`garage.tf.algos.rl2`¶

Module for RL2.

This module contains RL2, RL2Worker and the environment wrapper for RL2.

class RL2Env(env)¶

Bases: garage.Wrapper

Inheritance diagram of garage.tf.algos.rl2.RL2Env

Environment wrapper for RL2.

In RL2, observation is concatenated with previous action, reward and terminal signal to form new observation.

Parameters: env (Environment) – An env that will be wrapped.

property observation_space(self)¶: akro.Space: The observation space specification.

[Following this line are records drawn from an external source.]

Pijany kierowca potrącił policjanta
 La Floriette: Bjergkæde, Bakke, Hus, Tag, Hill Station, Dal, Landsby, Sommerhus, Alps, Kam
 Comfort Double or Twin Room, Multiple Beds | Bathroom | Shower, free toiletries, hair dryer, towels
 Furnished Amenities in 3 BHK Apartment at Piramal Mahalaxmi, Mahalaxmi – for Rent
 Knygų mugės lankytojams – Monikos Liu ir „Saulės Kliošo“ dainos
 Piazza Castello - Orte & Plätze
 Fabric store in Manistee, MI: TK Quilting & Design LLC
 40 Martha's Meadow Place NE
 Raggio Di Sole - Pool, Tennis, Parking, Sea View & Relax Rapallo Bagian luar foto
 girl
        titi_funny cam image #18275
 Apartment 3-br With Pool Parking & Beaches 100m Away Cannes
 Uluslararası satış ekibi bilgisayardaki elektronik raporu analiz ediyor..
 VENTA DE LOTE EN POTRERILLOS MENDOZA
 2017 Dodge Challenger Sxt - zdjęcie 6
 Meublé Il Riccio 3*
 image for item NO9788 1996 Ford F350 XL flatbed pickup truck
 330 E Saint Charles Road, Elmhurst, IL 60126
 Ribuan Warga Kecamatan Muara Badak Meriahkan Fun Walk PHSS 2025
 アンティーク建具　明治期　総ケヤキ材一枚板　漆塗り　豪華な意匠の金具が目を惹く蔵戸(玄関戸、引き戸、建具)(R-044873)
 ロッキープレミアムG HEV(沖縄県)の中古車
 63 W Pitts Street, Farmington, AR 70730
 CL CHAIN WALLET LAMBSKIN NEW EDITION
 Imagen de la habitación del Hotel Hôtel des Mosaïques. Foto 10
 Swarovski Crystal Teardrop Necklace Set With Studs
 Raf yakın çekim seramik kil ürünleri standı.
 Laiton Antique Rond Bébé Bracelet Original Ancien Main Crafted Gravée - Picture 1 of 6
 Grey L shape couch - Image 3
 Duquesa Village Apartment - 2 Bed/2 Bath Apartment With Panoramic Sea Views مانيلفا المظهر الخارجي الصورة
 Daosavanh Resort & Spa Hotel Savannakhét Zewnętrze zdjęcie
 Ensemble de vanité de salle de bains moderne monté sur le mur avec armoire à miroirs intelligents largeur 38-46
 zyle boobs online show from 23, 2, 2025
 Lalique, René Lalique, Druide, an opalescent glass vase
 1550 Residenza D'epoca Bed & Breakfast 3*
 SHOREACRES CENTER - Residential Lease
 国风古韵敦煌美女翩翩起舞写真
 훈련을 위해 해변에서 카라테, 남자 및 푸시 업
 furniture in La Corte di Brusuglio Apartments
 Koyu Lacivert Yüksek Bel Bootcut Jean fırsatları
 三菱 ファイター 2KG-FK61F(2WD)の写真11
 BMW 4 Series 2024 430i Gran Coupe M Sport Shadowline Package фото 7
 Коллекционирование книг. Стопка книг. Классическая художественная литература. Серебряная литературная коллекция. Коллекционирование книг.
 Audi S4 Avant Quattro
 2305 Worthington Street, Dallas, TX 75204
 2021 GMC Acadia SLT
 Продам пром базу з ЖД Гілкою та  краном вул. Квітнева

property spec(self)¶: EnvSpec: The environment specification.

reset(self)¶

Call reset on wrapped env.

Returns

The first observation conforming to: observation_space.
dict: The episode-level information.: Note that this is not part of env_info provided in step(). It contains information of he entire episode， which could be needed to determine the first action (e.g. in the case of goal-conditioned or MTRL.)

Return type

numpy.ndarray

step(self, action)¶

Call step on wrapped env.

Parameters: action (np.ndarray) – An action provided by the agent.
Returns: The environment step resulting from the action.
Return type: EnvStep
Raises: RuntimeError – if step() is called after the environment has been constructed and reset() has not been called.

property action_space(self)¶: akro.Space: The action space specification.

property render_modes(self)¶: list: A list of string representing the supported render modes.

render(self, mode)¶

Render the wrapped environment.

Parameters: mode (str) – the mode to render with. The string must be present in self.render_modes.
Returns: the return value for render, depending on each env.
Return type: object

visualize(self)¶: Creates a visualization of the wrapped environment.

close(self)¶: Close the wrapped env.

property unwrapped(self)¶: garage.Environment: The inner environment.

class RL2Worker(*, seed, max_episode_length, worker_number, n_episodes_per_trial=2)¶

Bases: garage.sampler.DefaultWorker

Inheritance diagram of garage.tf.algos.rl2.RL2Worker

Initialize a worker for RL2.

In RL2, policy does not reset between epsiodes in each meta batch. Policy only resets once at the beginning of a trial/meta batch.

Parameters

seed (int) – The seed to use to intialize random number generators.
max_episode_length (int or float) – The maximum length of episodes to sample. Can be (floating point) infinity.
worker_number (int) – The number of the worker where this update is occurring. This argument is used to set a different seed for each worker.
n_episodes_per_trial (int) – Number of episodes sampled per trial/meta-batch. Policy resets in the beginning of a meta batch, and obtain n_episodes_per_trial episodes in one meta batch.

agent¶

The worker’s agent.

Type: Policy or None

env¶

The worker’s environment.

Type: Environment or None

start_episode(self)¶: Begin a new episode.

rollout(self)¶

Sample a single episode of the agent in the environment.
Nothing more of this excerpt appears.